WHAT IS REQUIRED
Output the exact lines that start at the one containing "Pink Floral Tank Top" and continue to the last line of the entries below; do not output pictures.

══ RECORD EXCERPTS ══

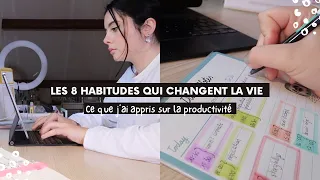 8 habitudes pour être plus productif et organisé (ce que j'ai appris après 3ans d'unif) 🏫📔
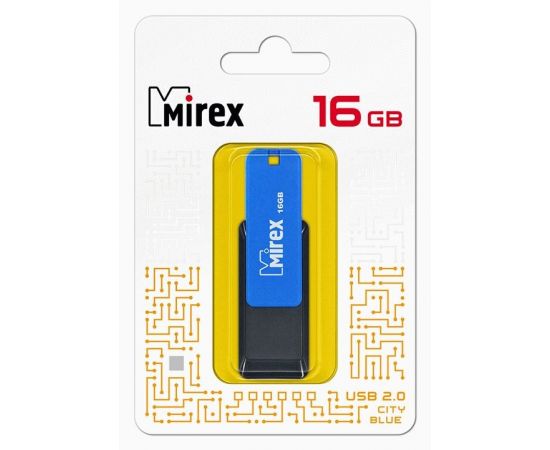 787416 - Флэш-диск USB 16 ГБ Mirex CITY BLUE 16GB (ecopack) (1)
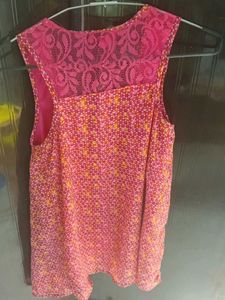 Pink Floral Tank Top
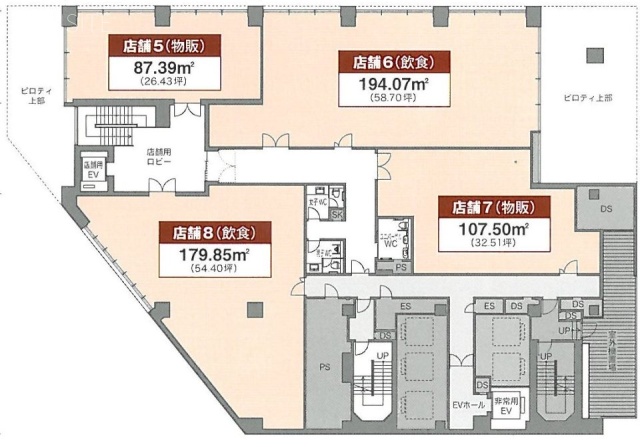 赤坂スターゲートプラザ2F 間取り図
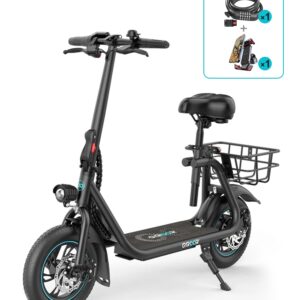 Gyroor C1 Electric Scooter – 450W, Seat & Rear Basket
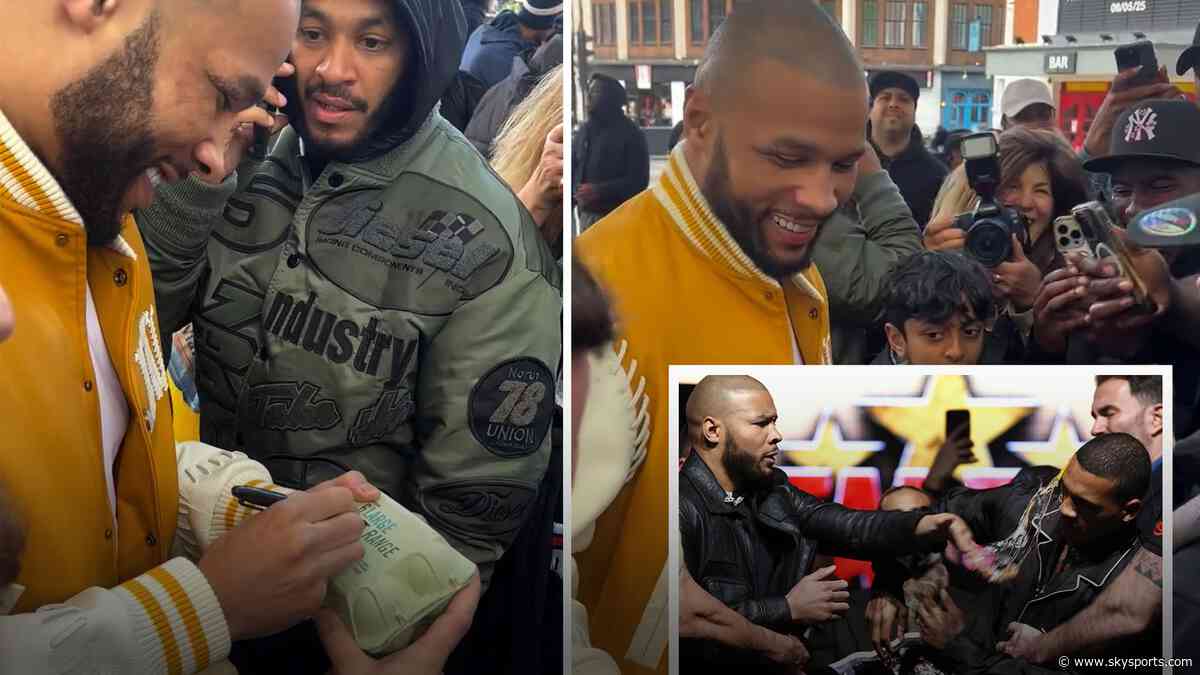 Benn won't be amused!! | Eubank MOBBED as he signs egg carton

═══

RESPONSE BELOW
 Pink Floral Tank Top
 赤坂スターゲートプラザ2F 間取り図
 Gyroor C1 Electric Scooter – 450W, Seat & Rear Basket
 Benn won't be amused!! | Eubank MOBBED as he signs egg carton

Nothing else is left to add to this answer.